I hope this is not the only idea in writer/director Jennifer Kent's head.  This movie was so singularly terrifying, it will haunt you for days afterward.  It is extremely disturbing, mostly because of the underlying themes in the story.  In an interview, Jennifer Kent said her hope was, in the end, to deal with what happens when people don't face and resolve traumatic events in their lives, and the cumulative effect that can have on their psyches.  In this case, that stress comes to life through the Babadook, but Kent actually does something very sneaky.  She leaves it up to us, the audience, to decide whether the Babadook is real or not, similar to the ambiguous ending of The Lady or the Tiger? which asks you, the reader, to finish the story.

Various troublesome themes persist throughout the film that are, at the very least unpleasant and unsettling: paranoia, isolation, physical/emotional abuse, fear, distrust.  All these elements are expertly crafted by Kent into a slowly seething stew of insecurity that is unrelenting throughout.  Kent said she was highly influenced by old silent horror movies.  These films were especially notable for their surrealism, most notably in The Cabinet of Dr.

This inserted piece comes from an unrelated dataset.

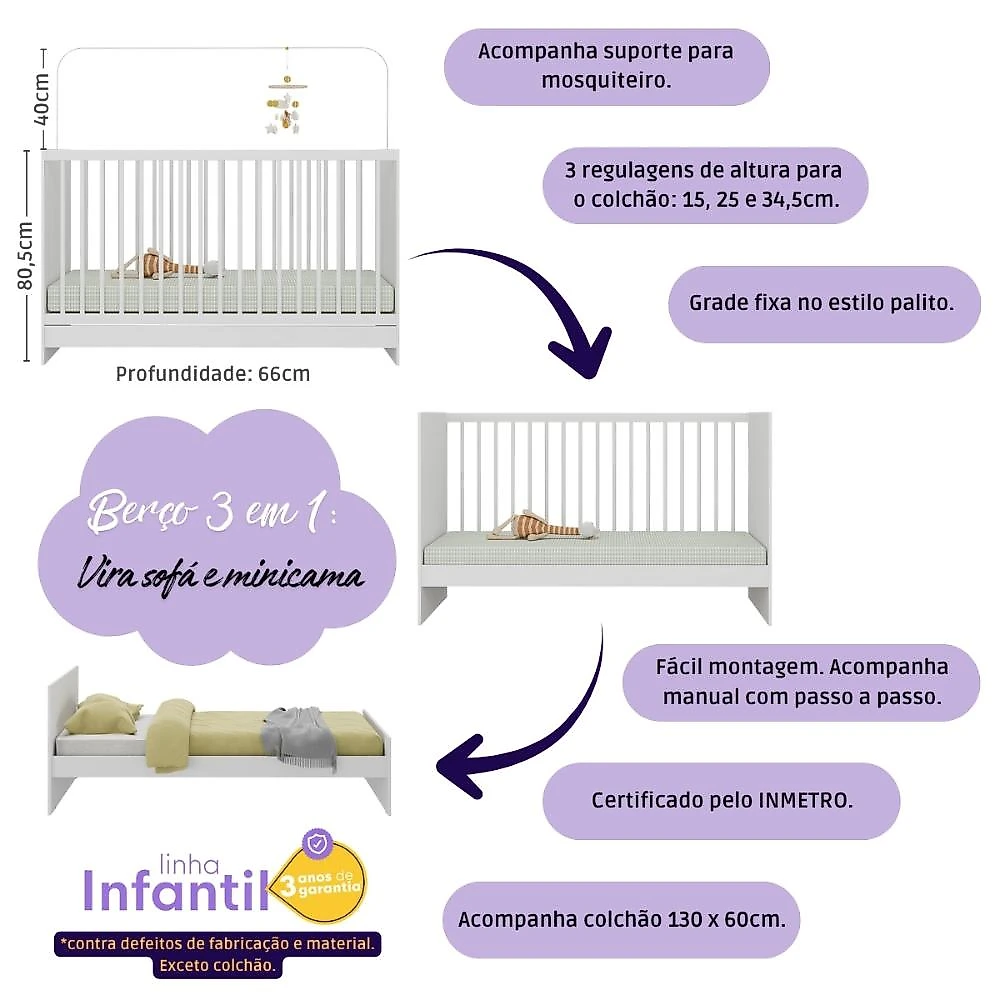 Quarto de Bebê Completo com Berço 3 em 1 com Colchão Incluso Aurora Multimóveis MP4576 Branco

Caligary or Nosferat.  Kent deftly weaves these surreal into the tone of her film. It's subtle, but gives the film a slightly stylized look, creating a world that just does not quite feel right or comfortable.  This, combined with the unpleasant themes, push a palpable sense of dread and anxiety throughout the movie.  Rarely have I been so moved and/or disturbed by a movie like this.  But the biggest surprise is that the movie is ultimately about the power of love.  But don't let that fool you into thinking it has a happy ending...or does it?  You have to decide for yourself.

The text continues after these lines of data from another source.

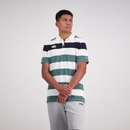 Mens Engineered Stripe Ss Polo Bright White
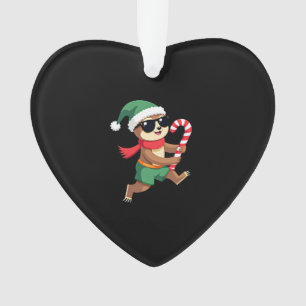 Christmas Sloth Elf Peppermint Candy Cane Shirt Gi Ornament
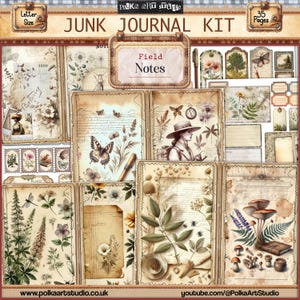 Diario digital vintage con diseño botánico, notas de campo decorativas antiguas, páginas de diario neutras con flores, paquete de papel vintage, descarga instantánea
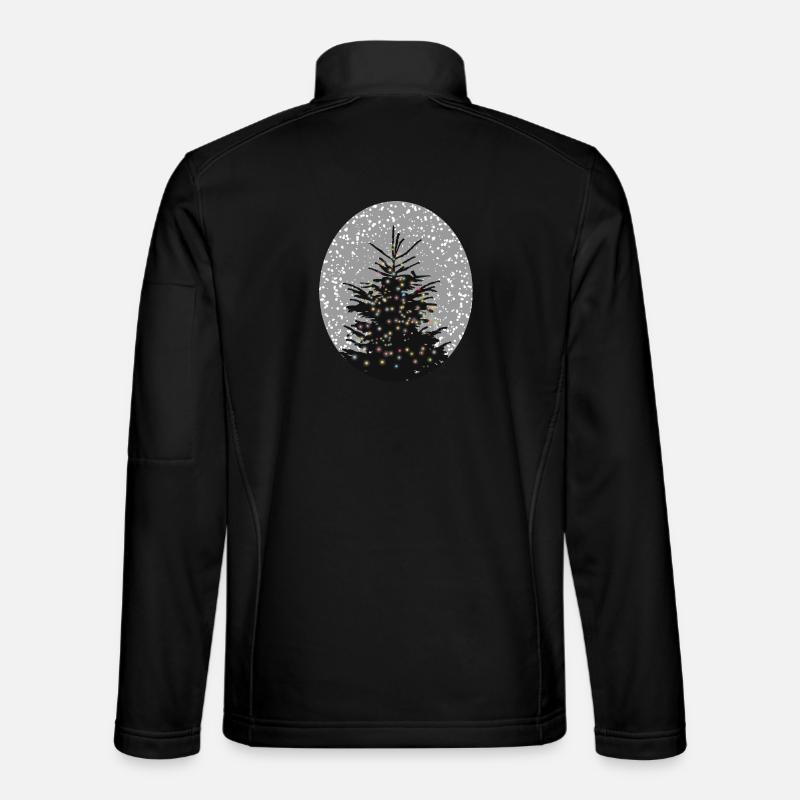 illuminated Christmas tree in the snow Unisex Softshell Jacket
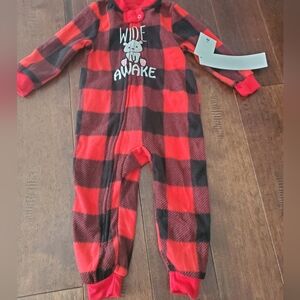 12-18month one piece pajamas Christmas  Wide Awake new with tags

This is one hell of a ride that I cannot recommend more highly, but be forewarned.  It is hard and even cruel at times, and may not be for the taste of people who can't deal with horror, facing the fear of the unknown.  This is the kind of horror film that I dream of, one that sufficiently creeps me by touching on some of my deepest held fears without cheating with piled-on gore.  The promise showed by Jennifer Kent here makes me pray that she doesn't peak early like the great M. Night Shymalan.  I hope she can continue to deliver, because if this is just the intro to her mind, I shudder to think what else could be in there. But I tell you this, I can't wait for it.